Minggu, 28 September 2025

Gapasdap Dukung Penguatan Keselamatan, Minta Implementasi SE-DJPL 22/2025 Lebih Realistis-Berimbang

GAPASDAP merespons positif Direktorat Jenderal Perhubungan Laut Kementerian Perhubungan atas langkah cepat dalam meningkatkan keselamatan pelayaran

Editor: Wahyu Aji
Istimewa
KESELAMATAN PELAYARAN - Ketua Umum Gapasdap, Khoiri Soetomo, di Jakarta, Rabu (12/3/2025). GAPASDAP merespons positif Direktorat Jenderal Perhubungan Laut Kementerian Perhubungan atas langkah cepat dalam meningkatkan keselamatan pelayaran. 

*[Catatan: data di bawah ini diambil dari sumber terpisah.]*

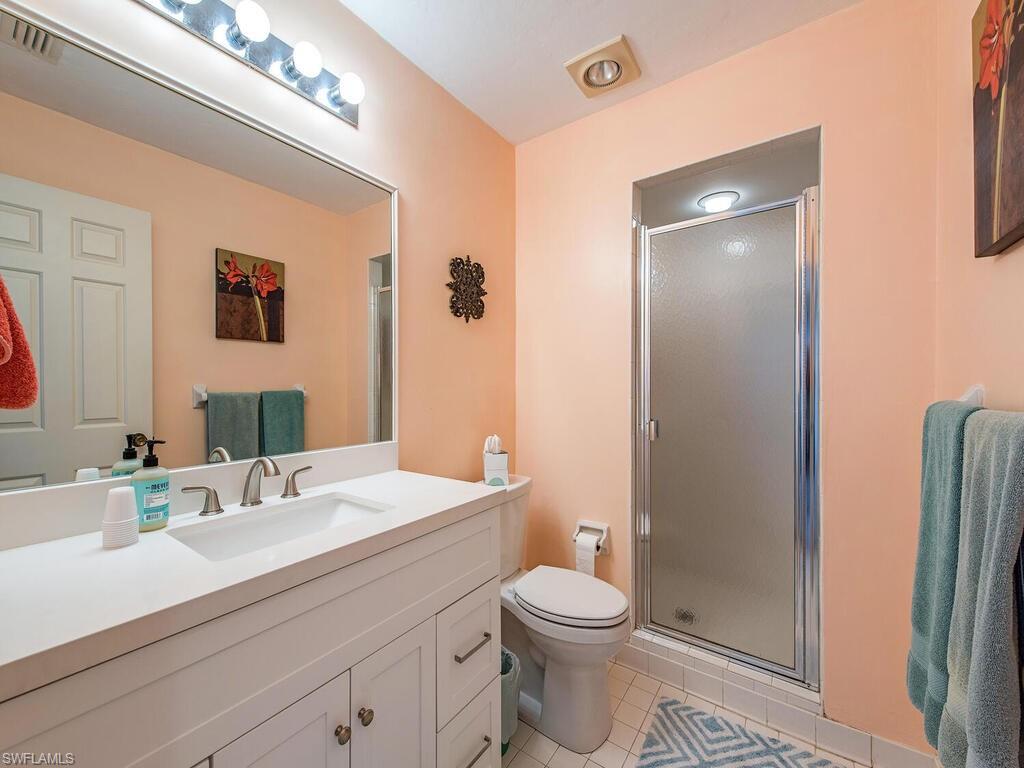 COURTSIDE COMMONS - Residential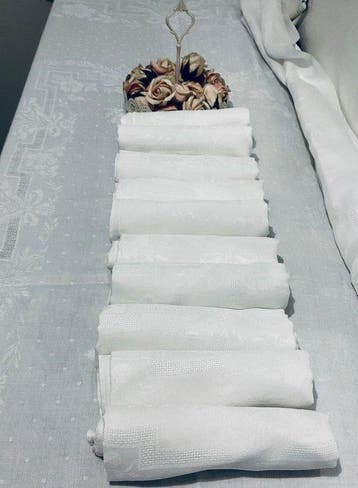 Oud tafelkleed en deze damastservetten en geborduurde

TRIBUNNEWS.COM, JAKARTA -  Dewan Pengurus Pusat Gabungan Pengusaha Nasional Angkutan Sungai, Danau, dan Penyeberangan (GAPASDAP) merespons positif Direktorat Jenderal Perhubungan Laut Kementerian Perhubungan atas langkah cepat dalam meningkatkan keselamatan pelayaran melalui Surat Edaran SE-DJPL 22 Tahun 2025.

Gapasdap merupakan wadah tunggal bagi para pengusaha nasional di sektor transportasi air—baik koperasi maupun swasta—yang bergerak di bidang angkutan sungai, danau, serta penyeberangan.

"Kebijakan ini merupakan respon penting atas kecelakaan kapal penyeberangan yang baru-baru ini terjadi," kata Ketua Umum Gapasdap Khoiri Soetomo, Kamis (31/7/2025).

Dia menjelaskan Gapasdap mendukung penuh setiap upaya untuk mencegah terulangnya musibah di bidang pelayaran karena keselamatan pelayaran adalah prioritas tertinggi yang tidak bisa ditawar.

Namun demikian, katanya, Gapasdap memandang implementasi kebijakan tersebut harus realistis, adil, dan disertai dengan langkah pendukung yang memadai, agar tujuan peningkatan keselamatan pelayaran tidak mengorbankan kelancaran penyeberangan dan distribusi logistik nasional. 

Khoiri menjelaskan sejumlah hal yang penting dilakukan terkait dengan implementasi SE tersebut. Pertama, kegiata udit dan pembatasan operasional harus terukur dan bertahap.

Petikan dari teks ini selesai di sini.